Depois desse tema, o americano criou duas mixtapes (Champagne, de 2012, e DRKLNG, de 2013) e revelou mais uma série de temas, para além de inúmeras colaborações, uma delas com João Barbosa (Branko) dos Buraka Som Sistema, no tema Rolling, incluído na mixtape do português, Drums, Slums & Hums, de 2013. Em todas essas produções, a sua voz felina surge envolvida por sonoridades urbanas, quase sempre com um sombreado minimalista escuro, onde predomina a potência das linhas de baixo. Gay assumido, é muitas vezes associado à cena “queer hip-hop” de Brooklyn, na esteira de Mykky Blanco ou Le1f, mas ele prefere libertar-se de espartilhos: “Sou muitas outras coisas, não me defino apenas por ser gay, por isso não faço muita questão de empunhar essa bandeira naquilo que faço, pelo menos de forma ostensiva. Não tenho qualquer problema com o assunto, como é evidente, mas às vezes esses rótulos acabam por ser redutores.”

O mistério do palco

Na última década, o hip-hop libertou-se do estigma de universo machista, diversificando-se e complexificando-se, graças ao sucesso de nomes como André 3000 (OutKast), Kanye West, Pharrel Williams ou Frank Ocean, todos eles situando-se longe de qualquer imaginário mais redutor. Não por acaso, nomes como André 3000 ou Frank Ocean estão entre as suas principais referências. “Cresci a ouvir a mais diferente música. Hip-hop, soul, jazz, Nina Simone, Lauryn Hill, esse tipo de coisas, mas também música de dança dos anos 1990 ou Björk, que tem uma voz incrível e não receia experimentar quando se trata de criar música.”

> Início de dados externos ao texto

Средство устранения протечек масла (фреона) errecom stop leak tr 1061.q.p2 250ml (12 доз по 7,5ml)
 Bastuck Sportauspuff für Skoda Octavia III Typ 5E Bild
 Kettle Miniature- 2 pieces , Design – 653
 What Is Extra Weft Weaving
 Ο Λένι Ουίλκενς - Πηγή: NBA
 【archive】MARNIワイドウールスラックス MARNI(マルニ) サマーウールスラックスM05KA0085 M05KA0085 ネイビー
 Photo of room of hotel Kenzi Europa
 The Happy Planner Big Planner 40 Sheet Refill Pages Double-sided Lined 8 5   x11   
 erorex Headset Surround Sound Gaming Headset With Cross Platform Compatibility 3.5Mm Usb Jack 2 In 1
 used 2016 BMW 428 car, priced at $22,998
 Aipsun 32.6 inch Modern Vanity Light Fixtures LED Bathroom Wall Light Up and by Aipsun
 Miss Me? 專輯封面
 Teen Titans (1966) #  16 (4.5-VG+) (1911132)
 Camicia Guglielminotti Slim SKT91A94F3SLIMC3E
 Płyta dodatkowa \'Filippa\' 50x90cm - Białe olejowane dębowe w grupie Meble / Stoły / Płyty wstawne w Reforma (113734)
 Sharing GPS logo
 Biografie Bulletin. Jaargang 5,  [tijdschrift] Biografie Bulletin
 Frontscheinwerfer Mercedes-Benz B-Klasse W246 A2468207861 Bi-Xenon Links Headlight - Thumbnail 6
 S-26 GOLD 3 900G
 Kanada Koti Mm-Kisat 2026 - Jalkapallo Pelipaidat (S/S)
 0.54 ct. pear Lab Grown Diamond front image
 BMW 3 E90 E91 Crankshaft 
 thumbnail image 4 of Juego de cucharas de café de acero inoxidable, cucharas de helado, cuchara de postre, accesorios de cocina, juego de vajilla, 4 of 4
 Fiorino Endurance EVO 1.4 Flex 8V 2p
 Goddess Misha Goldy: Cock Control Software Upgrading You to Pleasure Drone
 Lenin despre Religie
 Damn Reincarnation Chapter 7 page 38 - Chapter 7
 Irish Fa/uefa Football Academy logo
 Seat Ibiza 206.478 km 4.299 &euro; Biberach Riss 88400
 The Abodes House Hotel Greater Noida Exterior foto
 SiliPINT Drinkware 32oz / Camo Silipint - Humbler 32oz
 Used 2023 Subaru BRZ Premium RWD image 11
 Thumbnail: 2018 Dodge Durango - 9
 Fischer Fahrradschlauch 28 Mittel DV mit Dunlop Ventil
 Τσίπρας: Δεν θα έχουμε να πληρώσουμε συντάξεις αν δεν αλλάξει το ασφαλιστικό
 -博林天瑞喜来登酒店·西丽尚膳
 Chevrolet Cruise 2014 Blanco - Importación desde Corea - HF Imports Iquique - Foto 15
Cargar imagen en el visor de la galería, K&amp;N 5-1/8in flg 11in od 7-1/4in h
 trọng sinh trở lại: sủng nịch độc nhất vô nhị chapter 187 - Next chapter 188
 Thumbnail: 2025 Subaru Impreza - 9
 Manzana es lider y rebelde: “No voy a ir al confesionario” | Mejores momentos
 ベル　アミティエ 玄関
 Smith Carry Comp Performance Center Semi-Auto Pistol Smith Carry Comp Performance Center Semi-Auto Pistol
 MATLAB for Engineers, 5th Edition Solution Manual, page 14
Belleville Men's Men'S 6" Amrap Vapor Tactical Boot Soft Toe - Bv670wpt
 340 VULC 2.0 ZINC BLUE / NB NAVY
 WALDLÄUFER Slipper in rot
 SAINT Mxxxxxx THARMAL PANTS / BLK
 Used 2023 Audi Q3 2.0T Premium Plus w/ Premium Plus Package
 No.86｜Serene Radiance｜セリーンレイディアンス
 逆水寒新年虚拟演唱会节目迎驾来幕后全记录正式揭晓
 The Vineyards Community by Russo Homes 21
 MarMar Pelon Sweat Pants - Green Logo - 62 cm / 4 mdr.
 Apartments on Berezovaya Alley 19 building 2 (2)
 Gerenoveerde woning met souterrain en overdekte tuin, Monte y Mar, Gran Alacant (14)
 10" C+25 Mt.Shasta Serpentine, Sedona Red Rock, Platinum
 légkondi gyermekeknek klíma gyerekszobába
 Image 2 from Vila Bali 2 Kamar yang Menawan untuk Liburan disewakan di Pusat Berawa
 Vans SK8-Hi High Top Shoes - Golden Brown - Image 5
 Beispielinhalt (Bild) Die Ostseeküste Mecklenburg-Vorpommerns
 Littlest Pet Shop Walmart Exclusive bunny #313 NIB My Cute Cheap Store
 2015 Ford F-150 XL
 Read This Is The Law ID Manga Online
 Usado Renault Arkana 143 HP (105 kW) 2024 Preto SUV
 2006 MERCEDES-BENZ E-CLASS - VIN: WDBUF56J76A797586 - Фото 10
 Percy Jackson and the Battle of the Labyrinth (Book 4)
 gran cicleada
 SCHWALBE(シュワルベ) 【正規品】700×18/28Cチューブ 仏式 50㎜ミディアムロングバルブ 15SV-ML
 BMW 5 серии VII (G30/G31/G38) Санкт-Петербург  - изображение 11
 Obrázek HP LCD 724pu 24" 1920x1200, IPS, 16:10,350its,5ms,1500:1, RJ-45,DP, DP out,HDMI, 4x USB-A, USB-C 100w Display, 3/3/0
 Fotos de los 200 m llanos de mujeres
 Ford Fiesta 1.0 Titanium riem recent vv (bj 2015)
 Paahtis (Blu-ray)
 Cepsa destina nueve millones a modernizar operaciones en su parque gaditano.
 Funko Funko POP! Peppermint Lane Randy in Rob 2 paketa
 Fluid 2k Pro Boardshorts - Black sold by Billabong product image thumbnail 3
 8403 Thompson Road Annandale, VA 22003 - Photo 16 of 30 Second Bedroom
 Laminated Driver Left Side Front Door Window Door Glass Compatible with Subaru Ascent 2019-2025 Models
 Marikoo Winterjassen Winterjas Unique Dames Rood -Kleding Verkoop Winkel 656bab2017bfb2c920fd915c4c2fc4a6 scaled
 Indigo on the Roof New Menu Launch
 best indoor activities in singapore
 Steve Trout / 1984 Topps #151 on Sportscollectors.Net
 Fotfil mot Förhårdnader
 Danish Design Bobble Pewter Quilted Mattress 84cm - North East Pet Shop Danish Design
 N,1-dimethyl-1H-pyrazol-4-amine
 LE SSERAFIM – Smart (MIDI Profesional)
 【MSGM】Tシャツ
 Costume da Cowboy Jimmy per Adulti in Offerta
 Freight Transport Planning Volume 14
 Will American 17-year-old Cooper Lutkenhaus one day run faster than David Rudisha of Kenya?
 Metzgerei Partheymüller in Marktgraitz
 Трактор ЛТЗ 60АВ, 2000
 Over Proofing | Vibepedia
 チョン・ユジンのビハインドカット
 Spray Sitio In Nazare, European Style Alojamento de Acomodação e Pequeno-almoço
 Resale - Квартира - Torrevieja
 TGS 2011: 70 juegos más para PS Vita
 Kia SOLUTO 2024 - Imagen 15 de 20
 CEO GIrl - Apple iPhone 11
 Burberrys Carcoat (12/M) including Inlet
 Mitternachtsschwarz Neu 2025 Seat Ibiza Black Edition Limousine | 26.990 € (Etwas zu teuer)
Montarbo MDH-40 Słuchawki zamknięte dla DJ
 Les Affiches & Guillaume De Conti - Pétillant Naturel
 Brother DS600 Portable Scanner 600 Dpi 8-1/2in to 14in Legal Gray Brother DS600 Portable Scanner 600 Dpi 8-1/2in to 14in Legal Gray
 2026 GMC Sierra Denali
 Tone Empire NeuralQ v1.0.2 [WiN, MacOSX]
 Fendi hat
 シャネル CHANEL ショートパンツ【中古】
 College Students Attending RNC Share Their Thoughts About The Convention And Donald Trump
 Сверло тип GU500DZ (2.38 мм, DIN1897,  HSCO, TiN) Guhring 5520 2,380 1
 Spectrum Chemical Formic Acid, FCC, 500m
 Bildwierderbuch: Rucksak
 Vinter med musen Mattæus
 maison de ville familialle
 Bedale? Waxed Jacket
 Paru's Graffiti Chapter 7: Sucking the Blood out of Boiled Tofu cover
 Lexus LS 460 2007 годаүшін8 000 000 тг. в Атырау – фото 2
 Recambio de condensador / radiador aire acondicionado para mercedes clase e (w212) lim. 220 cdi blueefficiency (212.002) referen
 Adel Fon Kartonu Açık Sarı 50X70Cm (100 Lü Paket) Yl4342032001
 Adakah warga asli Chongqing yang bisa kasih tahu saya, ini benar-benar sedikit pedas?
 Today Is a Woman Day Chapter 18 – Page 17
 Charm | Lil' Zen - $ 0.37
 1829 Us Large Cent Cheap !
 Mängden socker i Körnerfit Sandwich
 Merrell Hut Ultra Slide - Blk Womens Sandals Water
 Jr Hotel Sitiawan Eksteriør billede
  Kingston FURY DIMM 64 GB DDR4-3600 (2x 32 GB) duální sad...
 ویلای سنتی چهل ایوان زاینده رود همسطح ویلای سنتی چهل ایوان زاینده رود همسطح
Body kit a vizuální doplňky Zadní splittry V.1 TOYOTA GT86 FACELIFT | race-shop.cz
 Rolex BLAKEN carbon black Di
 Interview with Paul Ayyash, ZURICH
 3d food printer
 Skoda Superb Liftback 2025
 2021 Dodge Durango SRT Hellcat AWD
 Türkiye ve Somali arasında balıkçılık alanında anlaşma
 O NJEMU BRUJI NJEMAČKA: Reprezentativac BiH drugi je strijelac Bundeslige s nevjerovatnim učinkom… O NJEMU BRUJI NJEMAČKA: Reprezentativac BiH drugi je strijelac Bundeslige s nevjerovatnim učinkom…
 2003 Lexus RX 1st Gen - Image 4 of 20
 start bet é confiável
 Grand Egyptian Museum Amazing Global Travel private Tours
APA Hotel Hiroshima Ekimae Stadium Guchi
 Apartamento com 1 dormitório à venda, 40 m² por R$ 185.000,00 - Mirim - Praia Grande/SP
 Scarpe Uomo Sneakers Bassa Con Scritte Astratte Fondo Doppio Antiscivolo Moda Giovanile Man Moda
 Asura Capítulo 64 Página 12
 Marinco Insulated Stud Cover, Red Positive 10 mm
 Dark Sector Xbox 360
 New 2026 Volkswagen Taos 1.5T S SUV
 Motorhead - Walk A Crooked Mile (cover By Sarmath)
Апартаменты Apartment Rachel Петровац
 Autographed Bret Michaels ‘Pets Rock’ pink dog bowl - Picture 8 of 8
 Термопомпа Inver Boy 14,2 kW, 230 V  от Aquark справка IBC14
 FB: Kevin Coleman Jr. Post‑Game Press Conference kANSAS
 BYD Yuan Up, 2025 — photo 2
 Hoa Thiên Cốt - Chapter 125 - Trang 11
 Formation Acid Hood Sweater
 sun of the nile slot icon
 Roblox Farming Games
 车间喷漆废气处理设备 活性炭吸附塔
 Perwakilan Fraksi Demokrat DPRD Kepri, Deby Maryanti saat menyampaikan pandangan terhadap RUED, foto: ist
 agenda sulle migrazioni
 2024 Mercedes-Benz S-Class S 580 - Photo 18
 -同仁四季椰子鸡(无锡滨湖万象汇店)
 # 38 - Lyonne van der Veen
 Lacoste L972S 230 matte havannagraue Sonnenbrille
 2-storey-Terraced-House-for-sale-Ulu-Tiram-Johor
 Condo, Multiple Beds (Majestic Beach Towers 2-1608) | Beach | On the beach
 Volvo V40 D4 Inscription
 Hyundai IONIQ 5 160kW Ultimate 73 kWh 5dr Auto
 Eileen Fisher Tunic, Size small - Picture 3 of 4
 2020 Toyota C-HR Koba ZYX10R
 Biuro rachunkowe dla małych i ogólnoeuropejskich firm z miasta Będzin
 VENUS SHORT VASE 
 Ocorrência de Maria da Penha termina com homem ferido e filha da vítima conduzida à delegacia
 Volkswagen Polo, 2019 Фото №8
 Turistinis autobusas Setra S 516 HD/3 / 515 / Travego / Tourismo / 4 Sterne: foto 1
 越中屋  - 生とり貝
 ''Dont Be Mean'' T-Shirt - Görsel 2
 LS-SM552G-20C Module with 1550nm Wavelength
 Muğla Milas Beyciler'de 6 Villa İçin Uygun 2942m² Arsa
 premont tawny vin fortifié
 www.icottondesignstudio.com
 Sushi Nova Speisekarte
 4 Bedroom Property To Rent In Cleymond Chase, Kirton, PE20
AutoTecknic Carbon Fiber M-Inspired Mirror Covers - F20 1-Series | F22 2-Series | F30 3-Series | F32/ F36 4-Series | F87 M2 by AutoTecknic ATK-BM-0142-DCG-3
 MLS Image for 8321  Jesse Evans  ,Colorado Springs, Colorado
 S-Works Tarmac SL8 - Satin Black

Tudo isso acaba por estar presente no que faz, embora a sua música esteja mais próxima, por exemplo, de Angel Haze ou Azealia Banks, com quem já andou em digressão. Mas onde Azealia saltita de forma instigadora, ele é grave e austero, embora ambos provoquem o mesmo tipo de embate entre a cultura hip-hop mais alternativa e uma electrónica de dança felina e esquálida.

Ao vivo diz que tenta criar “uma atmosfera tão mental quanto terrífica e celebrativa”, num misto de performance, dança e rap futurista. “O palco continua a ser um mistério para mim; todas as noites são diferentes, o que é óptimo porque vou sempre descobrindo coisas novas à minha volta”, reflecte. 

Na sua música, tempo e espaço são esculpidos com rigor. Existe alguma claustrofobia, mas também lugar para movimentos amplos e pulsantes, numa sonoridade lancinante, com a voz de Zebra, profunda, declamada, profeta para dias muito enevoados.

Distinguimos traços rítmicos de dubstep, dancehall, hip-hop ou house, mas amalgamados por um tipo de produção electrónica que acaba por levar ao seu não-reconhecimento. No fim dos temas permanecem o rumor de graves vigorosos, alguma tensão, a imersão num ambiente agitado e aquela voz, sempre inquietante.